Figure 7 shows the relationship between the input offset voltage and transistor size for both the proposed SA (capacitorless SA) and the conventional SA (conv. SA). Generally, the mismatch of transistors in the SA minimizes with the increment in its size, which means the input offset of all transistors of the SA also reduces accordingly. Importantly, after 10 k Monte-Carlo simulations, compared to the conv. SA, the standard deviation of the input offset can be reduced on average by nearly 45% in the proposed SA due to its minimization mismatch principle. Meanwhile, compared to the single MIM-capacitor SA with the same offset voltage and CMOS process, the area of capacitorless SA can be decreased by 35%.

5. The Layout of 4 Mb 3TnC MLC FeRAM and a Comparison with Other Memory Works

Figure 8 shows the layout of 4 Mb 3TnC MLC FeRAM, with an area of 3052 × 4306 μm², consisting of the 3TnC cell array, the capacitorless SA, and the other peripheral circuits. The inset shows the layout of the single 3T1C cell array. “AA” and “GATE” mean the active area and gate electrode of transistor.

Table 2. The performance compared to other memory works.
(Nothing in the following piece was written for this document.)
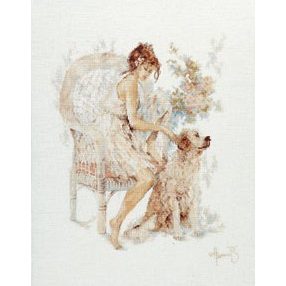 PN-0007951 Lady and dog 39x49 cm
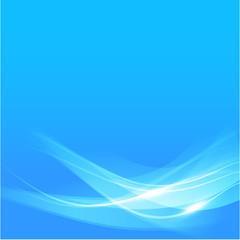 Abstract background blue wave curve and lighting element vector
	This Work	Ref [8]	Ref [9]	Ref [19]
Cell structure	3TnC	2TnC	1T1C	1T1C
Technology	130 nm	130 nm	130 nm	130 nm
Multi-level cell	Yes	Yes	No	No
Area (F2/bit)	12	51	36	36
SA offset	20 mV	N/A	45 mV	18.1 mV
Max sense margin	450 mV	300 mV	270 mV	200 mV
Read time	100 ns	15 μs	150 ns	5 ns
Write time	100 ns	15 μs	150 ns	7 ns
Power consumption	48.4 μW	18 μW	N/A	N/A

illustrates the performance comparison of our work with other memory works. The proposed 3TnC MLC FeRAM macro has the advantages of the high area efficiency of 12F² for each bit, a large sense margin of 450 mV between each level of storage data, and a low offset of 20 mV, which are all beneficial for high-density storage applications. Both the read and write time of the cell are 100 ns, while the max power consumption is 48.4 μW for a read and a write operation. Here, it should be noted that the influence of temperature on FeRAM is relatively small, as reported in reference [19]; the variation in the readout voltage of FeRAM is about 50 mV; and the readout margin of adjacent polarized states of our FeRAM with 3TnC architecture is 450 mV. Therefore, our 3TnC MLC FeRAM chip has good stability.

6. Conclusions

In this work, a novel 3TnC MLC Hf_0.5Zr_0.5O₂-based FeRAM with a high area efficiency of 12F² for each bit is proposed for high-density storage application. Eight polarization states (three bits) can be obtained in one MLC FeRAM. The corresponding timing operation using a nondestructive readout is verified via simulation based on the GSMC 130 nm CMOS process. Meanwhile, the readout circuit SA has a low offset of 20 mV and a large sense margin of 450 mV to improve the reliability of the reading of the stored data between each level of the MLC FeRAM. These advantages of 3TnC MLC FeRAM using nondestructive readout and capacitorless SA ensure its potential for future high-density storage applications.